A business function designed to make your people more effective is moved one step away from the senior level of the business. HR initiatives will only be heard if they can first persuade the numbers, rather than the CEO. And usually it is that same CEO who is under the most pressure, needing a well-structured senior leadership team to bring change and business growth.

The Skills Gap

HR’s main roles are to build leadership capability, support a strong culture and recruit, train and retain star performers. These skills are typically not top of the list in accountancy training.

The Focus

A good People Director focuses on delivering a People Plan that will enable a business to meet its goals. An FD has a different job and a different focus. After all, you probably wouldn’t ask your IT Director to run your Marketing function.

The ROI

Controlling the purse strings can mean an FD has a firm reputation for saying no! Developing people means spending money on training, which can be difficult to put a hard ROI against (although it is possible!). However, if you don’t do these things, employees won’t stay, won’t grow and can’t help the business to achieve more next year than it did this year. The costs add up quickly, and it has a long-term impact.

The Growth Plan

Cost control and focus on income can lead to an unbalanced emphasis on avoiding risk. Some FDs see HR’s job to avoid lawsuits. We call legal compliance a hygiene factor, but it doesn’t help the business to grow or develop.

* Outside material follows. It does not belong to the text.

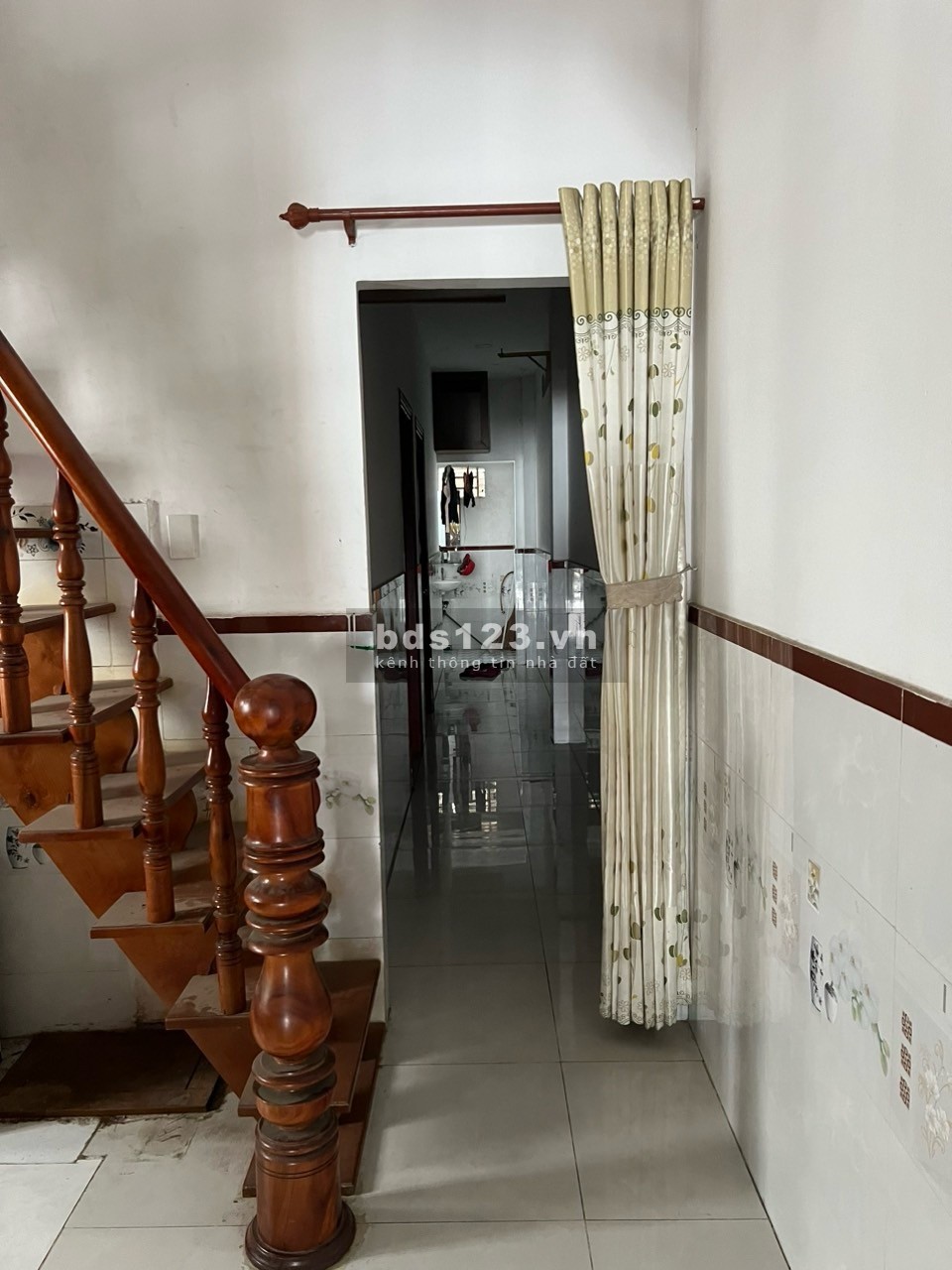 Bán nhà mặt tiền ngay chợ Trịnh Thị Đôi, quận 12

A good People Plan supports and delivers business growth.

As HR Directors, we understand David McCann’s comment that “HR is not strategically minded or in some cases even particularly business-oriented.” We firmly believe HR should have the “rigour and discipline” of any finance function. But this cannot be all it is.

Staff salaries are often one of the largest, if not the largest cost for a business. Recruitment, training new employees and termination pay offs are hefty and often unexpected expenses on the bottom line.

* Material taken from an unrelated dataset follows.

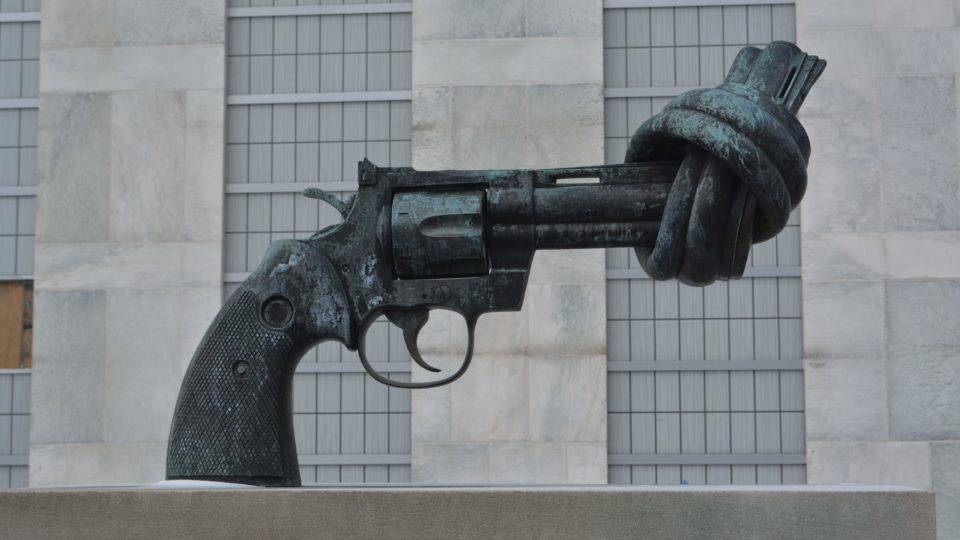 Monumento desarmamentista na sede da ONU, em Nova York.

To ignore People Planning, and not have it represented at board level or as a key strategic goal within your business plan to help your staff become happy, satisfied, productive and effective, and run it all through the finance department does not make any financial sense at all.

HR must be equal to finance and must report to the main decision maker in the business. This is so it can deliver strategic direction and growth, rather than be controlled by the numbers.